» Activity
Here the job is to transcribe the data verbatim while leaving each picture out.

» Input data
+++
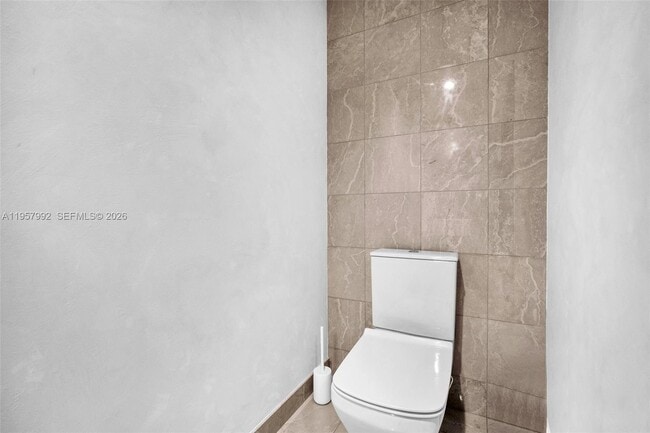 Building Photo - 1000 Brickell Plaza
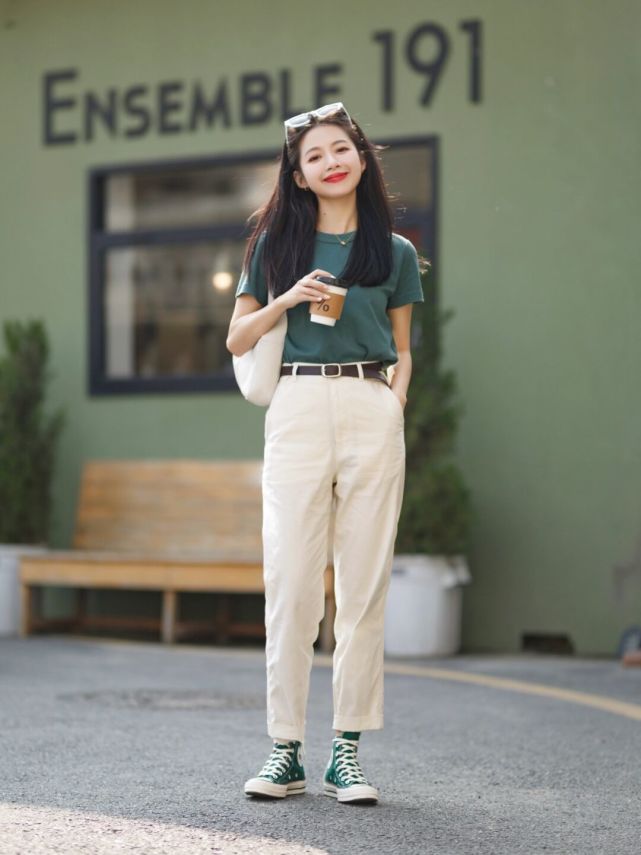青春活泼的"夏日"穿搭,今年更流行:运动休闲风,时髦又精致!_腾讯新闻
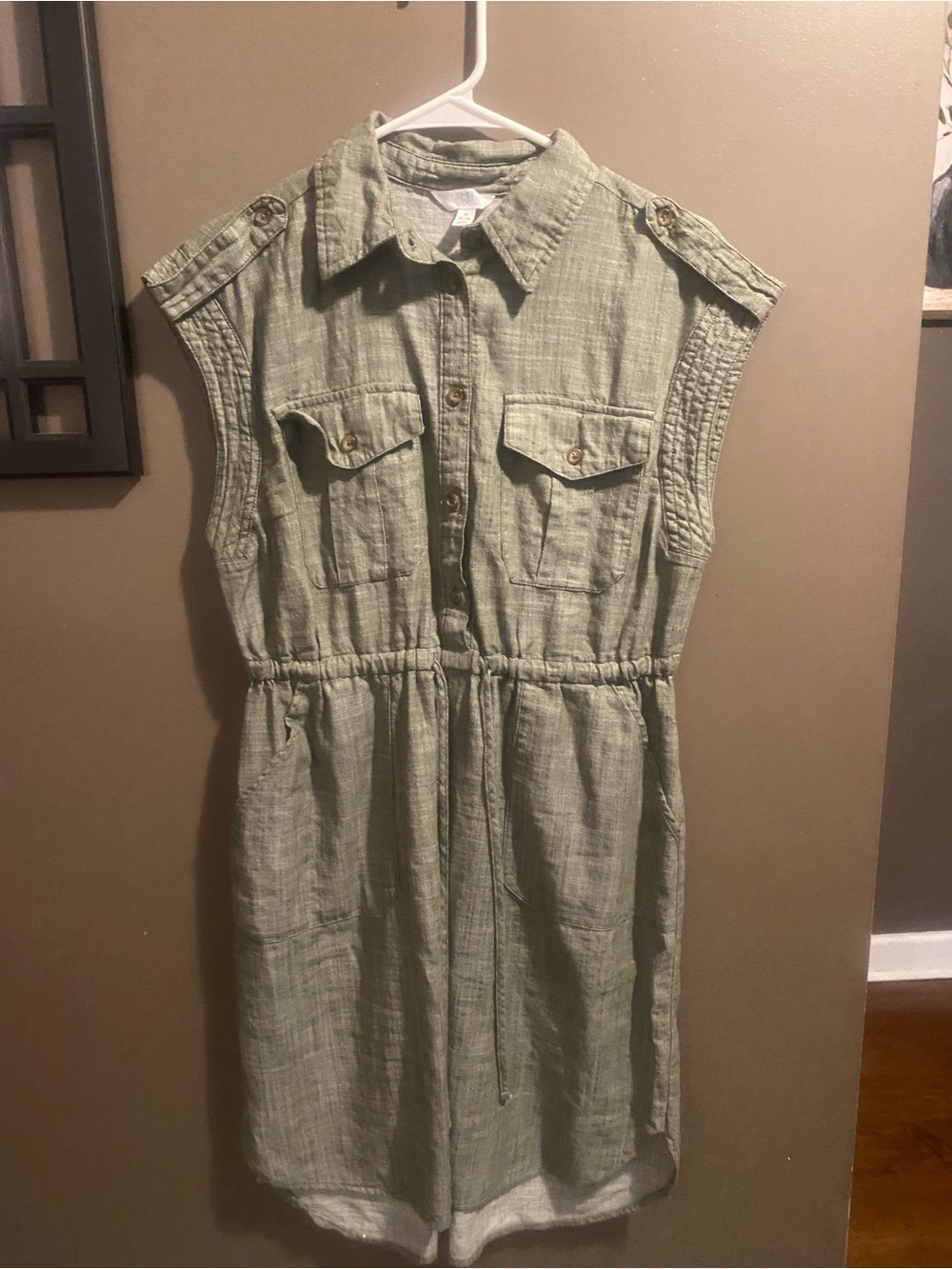 Time and Tru Sleeveless Button-Front Midi Dress in Sage Green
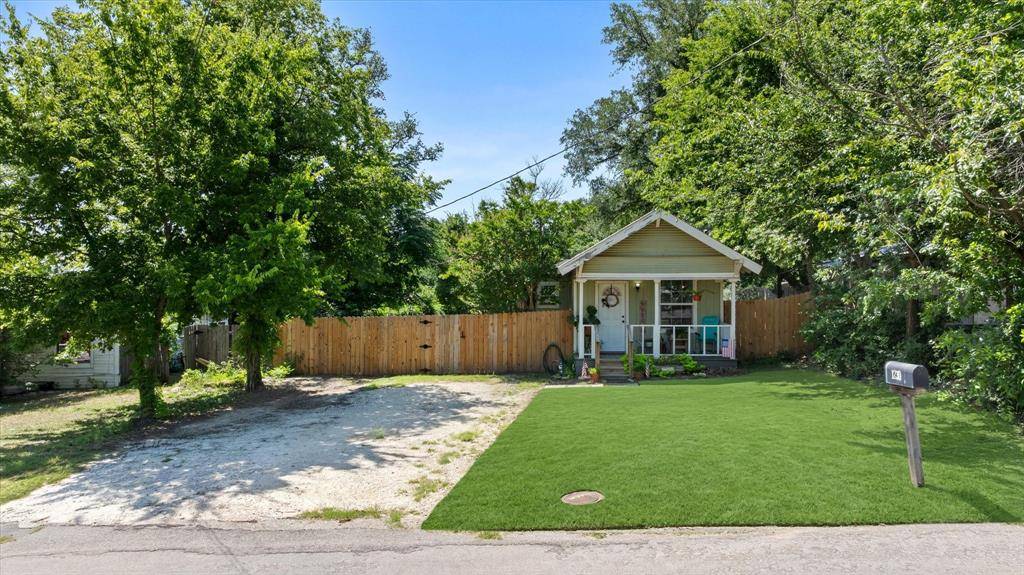 1230 W Hyman Street, Stephenville, TX 76401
+++
» Exercise result
 Building Photo - 1000 Brickell Plaza
青春活泼的"夏日"穿搭,今年更流行:运动休闲风,时髦又精致!_腾讯新闻
 Time and Tru Sleeveless Button-Front Midi Dress in Sage Green
 1230 W Hyman Street, Stephenville, TX 76401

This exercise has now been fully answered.